At the age of 6 months, Tomiko Yabumoto became an enemy of the state and moved with her parents to the Tule Lake War Relocation Center, one of the World War II Japanese-American internment camps. All three members of the family were born in California.
When released in 1946 to their Lincoln (Placer County) farm, the family had grown by two. In camp, the children saw their first snow, her mother knitted and made corsages from shells gathered on Tule’s ancient dry sea bed, her father worked in the mess hall and played the shakuhachi, a homemade bamboo flute, and a teenage uncle made a forbidden box camera. The film source? Unknown, but Yabumoto has personal photos documenting family and camp life.
After leaving camp, she assimilated into American culture when the family resettled in Lincoln and later Stockton, where an uncle had bought a hotel. During the dire postwar employment situation she learned about racism. When children called her a “Jap” for the first time, her mother’s instructions were, “tell them you are a Japanese AMERICAN.”

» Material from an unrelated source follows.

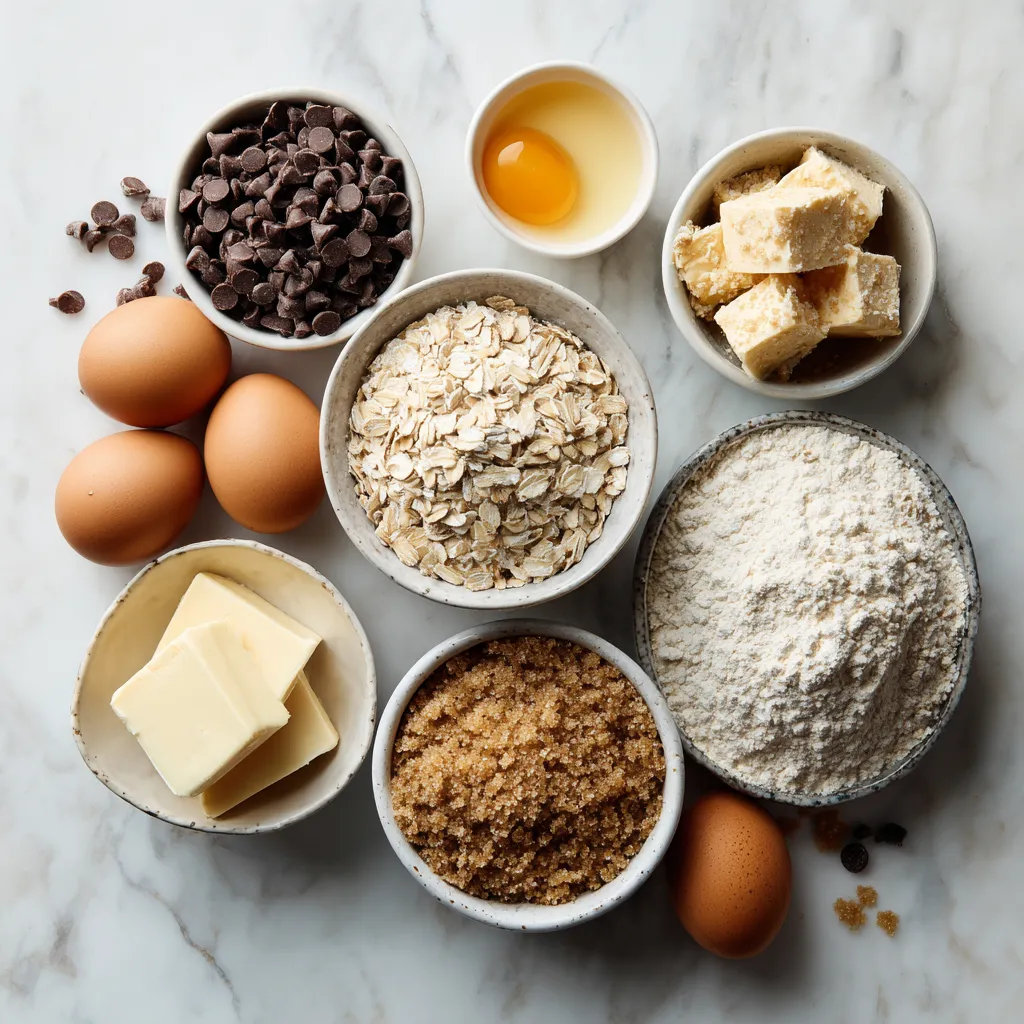 Oatmeal Chocolate Chip Cookie Recipe That’s Chewy, Cozy, and Irresistible 3 ingredients for Oatmeal Chocolate Chip Cookie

“I listened to ‘The Lone Ranger’ and ‘The Shadow’ radio programs – I was a tomboy, like a lot of girls – and drew with anything at hand. I learned how to play, just like the other kids.” At age 10, Yabumoto asked questions about religion, spoke Japanese and English and understood why her parents were watchful: not so much like the other kids.
After studying painting and fiber arts at San Jose State, Yabumoto taught middle school before joining the Peace Corps. The idea didn’t thrill her parents, but she talked them into it and was assigned to the Punjab in northern India. Staying on after the Peace Corps, she met many Tibetans and others who are curiously present in her life to the present day. In fact, several now live in Sonoma. In Japanese, “so no ma ma” means “things as they are.”

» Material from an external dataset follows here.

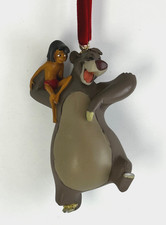 🌟 Walt Disney Sketchbook Ornament Baloo & Mowgli Jungle Book 2007 RARE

Yabumoto’s paintings and drawings have since been exhibited in the United States, Canada, and Japan and are collected internationally. A friend from her Canada and India days (now also in Sonoma) suggested that they use her batik, create clothing and sell it at a Vancouver craft fair. They sold out, and Yabumoto went to Hawaii for further study. She recognized the flow of the pigment and the wax resist as something almost spiritual.
Invited to a formal tea ceremony (cha no yu) in Hawaii, she felt something unusual as she came into the room. Yabumoto turned to face a tiny Shodo piece. Shodo, or “the way of writing,” migrated to Japan in the sixth-century but was known in China 2,200 years earlier. The Japanese elevated the wet-ink-brush calligraphy to an art form that embraces six distinct styles. Literally the moment she saw it, Yabumoto knew she wanted to study Shodo. Admitting no barriers, she lived in Japan for seven years, becoming a student of Naka Sensei.
“The work with wax in fabric batiking in the ’70s segued into the brushwork of Shodo in the ’80s,” says Yabumoto. “I needed to study something more deeply. Learning the styles of writing offered a foundation to venture into avant garde Shodo.” Her first year in Osaka, she was invited by Naka Sensei to attend the Kyoto Mainichi-ten, Japan’s national calligraphy exhibition. She had no idea that a few years later she would be accepted into the same exhibition as well as the Keisei Exhibitions in Tokyo. Yabumoto commuted two hours every Wednesday to study with Sensei. They continued by correspondence when she returned to the U.S. in 1991.